On October 30th and 31st, 2023, the US Department of Education visited New York City to meet with higher education leaders at the only Orthodox Jewish university in the country and convene educators, community leaders, and elected officials around preventing and addressing antisemitism in PK-12 schools. These conversations, taking place three weeks after the Hamas attacks in Israel, highlighted the pain that many Jewish students and educators are navigating and the urgency of addressing the sharp increase in antisemitism amid the subsequent Israel-Hamas conflict.
On Monday, October 30th, Katy Joseph, Deputy Director of the U.S. Department of Education’s Center for Faith-Based & Neighborhood Partnerships and Kalila Winters, Senior Advisor for the Office of the Secretary, visited Yeshiva University to learn about campus safety considerations for the only Orthodox Jewish institution of higher education in the country. Katy Joseph and Kalila Winters facilitated a roundtable with University administration leaders and students around the impact of the Israel-Hamas conflict on students’ ability to learn, increased safety measures across the university’s four campuses and the role of federal government in countering antisemitism in higher education. During the roundtable, Patrick Gallagher, Vice President of Administrative Services and Chief Administrative Services Officer at Yeshiva University mentioned that the University is taking additional measures to ensure students feel safe on campus and navigating the surrounding areas, including increased personnel to escort students to off campus housing and physical investments to further enclose the central campus in Upper Manhattan. Students highlighted initiatives they launched since October 7th to counter the rise in antisemitism and support friends and loved ones directly impacted by the conflict.
Leaders of Yeshiva University’s undergraduate and graduate programs emphasized the value of providing space for students to learn about the conflict outside of their studies as well as mental health support and religious counseling for those in need. Through external-facing programs like the Care Café, the university is fostering relationships with the broader community. For instance, on November 14, 2023, the Care Café hosted a virtual interfaith forum with Dr. Que English, Director of the Center for Faith-Based and Neighborhood Partnerships at the U.S. Department and Health and Human Services.
On Tuesday, October 31st, the U.S. Department of Education joined United Jewish Appeal Federation of New York (UJA Federation) for a special convening of federal, state, and city leaders focused on fostering inclusive learning environments for Jewish students and those of all religious, spiritual, and secular identities. The UJA Federation is the largest local philanthropy in the world whose mission is to “care for Jews everywhere and New Yorkers of all backgrounds, respond to crises close to home and far away, and shape our Jewish future.”

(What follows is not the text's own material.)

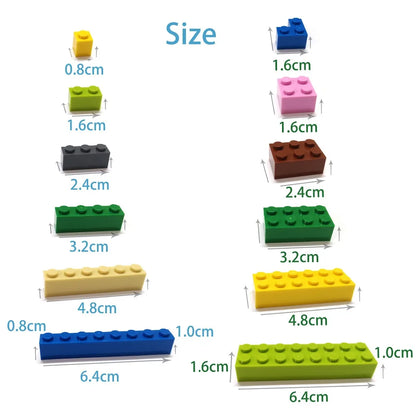 122pcs Thick Figures Bricks 12 Size DIY Building Blocks Educational Creative Size Compatible With 3001 Plastic Toys for Children - CADA BRICKS®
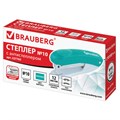 Степлер №10 BRAUBERG "Original", до 12 листов, с антистеплером, бирюзовый, 227765 227765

The first part of the convening highlighted the release of the White House’s National Strategy to Counter Antisemitism and the U.S. Department of Education’s implementation under our Antisemitism Awareness Campaign. Roberto Rodriguez, Assistant Secretary of the Department’s Office of Planning, Evaluation, and Policy Development, Shelley Greenspan, White House Liaison to the American Jewish Community, and Deputy Director Joseph provided remarks. Following the remarks, Deputy Director Joseph facilitated a panel discussion with Assistant Secretary Rodriguez and Liaison Greenspan to dive deeper into the Administration’s initiatives to engage Jewish communities across the country and ensure that all students can thrive.
For the second part of the program, UJA hosted state and city leaders as well as a practitioner panel highlighting effective strategies for countering antisemitism at the school and classroom level. New York State Deputy Secretary of Education Maria Fernandez and NYC Chancellor of Education David C. Banks strongly condemned the rise in antisemitism and related forms of bias in PK-12 schools and emphasized the key role that educators and administrators play in setting community norms.